PROBLEM TO WORK ON: In the listing that follows, the range to quote begins at the line that has "Full HD LED TV" and ends after the line that has "Primeline Hunter Green"; quote it verbatim and add nothing.

EXCERPTED DATA:
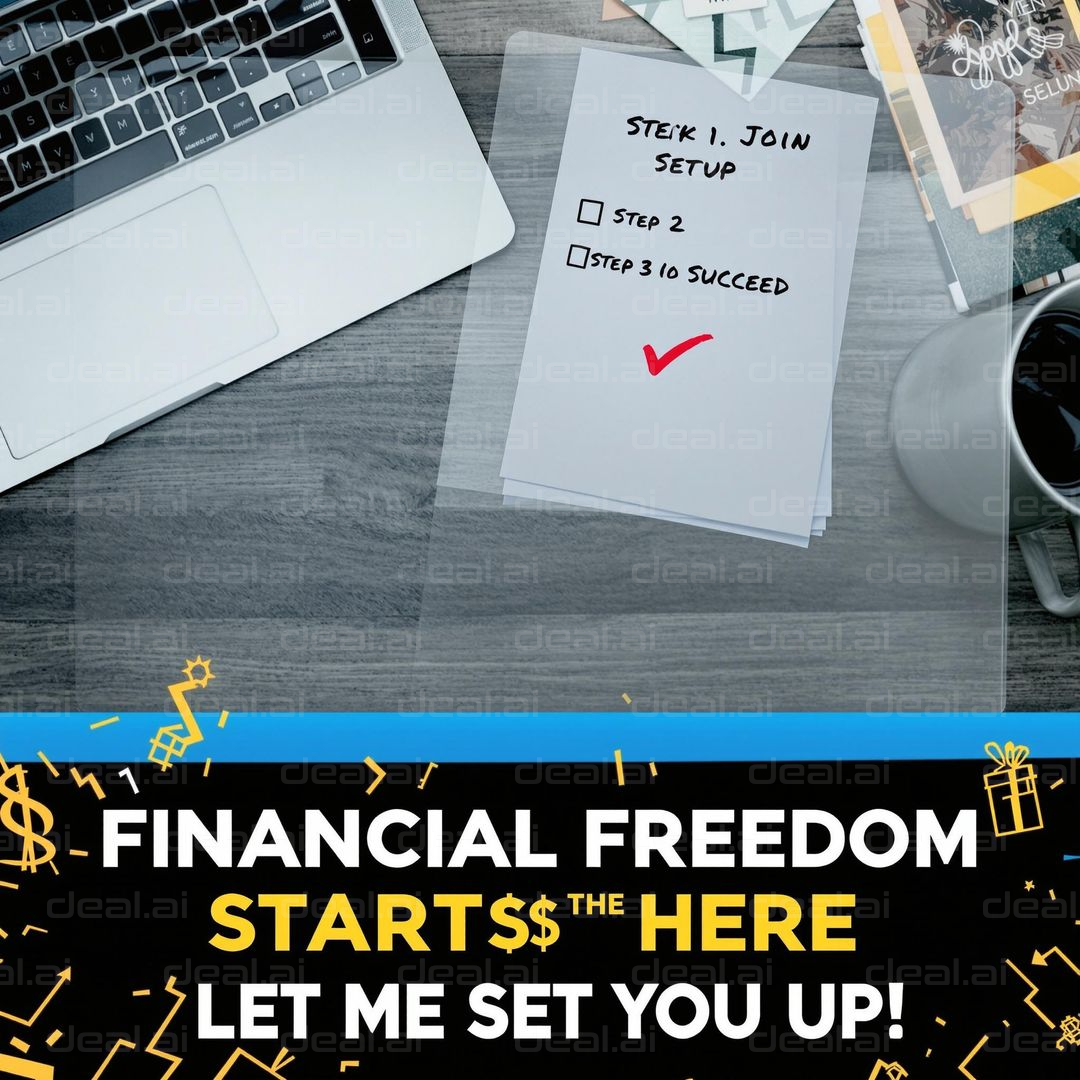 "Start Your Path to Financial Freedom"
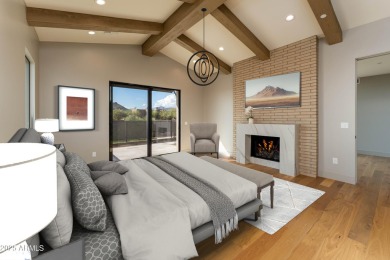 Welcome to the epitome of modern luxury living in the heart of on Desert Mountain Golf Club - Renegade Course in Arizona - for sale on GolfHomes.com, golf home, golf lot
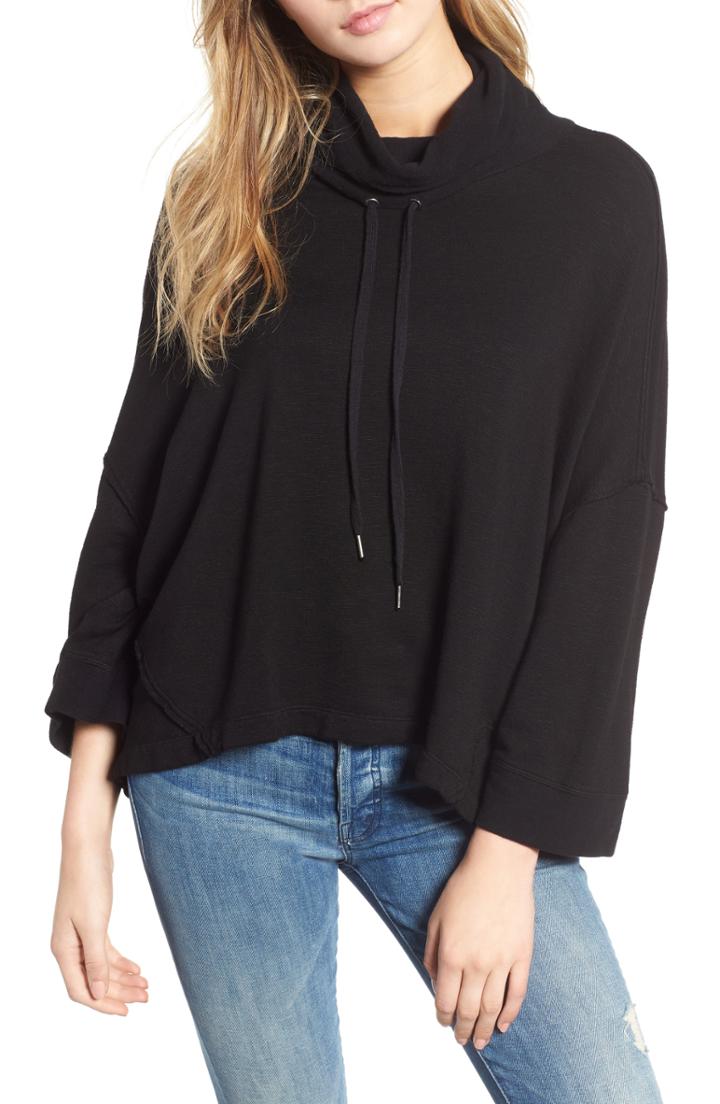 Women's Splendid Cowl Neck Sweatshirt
==
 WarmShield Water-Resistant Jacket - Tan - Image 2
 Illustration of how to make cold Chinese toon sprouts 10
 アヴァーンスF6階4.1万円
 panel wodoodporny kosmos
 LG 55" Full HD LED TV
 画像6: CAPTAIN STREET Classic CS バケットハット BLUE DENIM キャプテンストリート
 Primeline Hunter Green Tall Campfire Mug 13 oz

SOLUTION TO THIS PROBLEM:
 LG 55" Full HD LED TV
 画像6: CAPTAIN STREET Classic CS バケットハット BLUE DENIM キャプテンストリート
 Primeline Hunter Green Tall Campfire Mug 13 oz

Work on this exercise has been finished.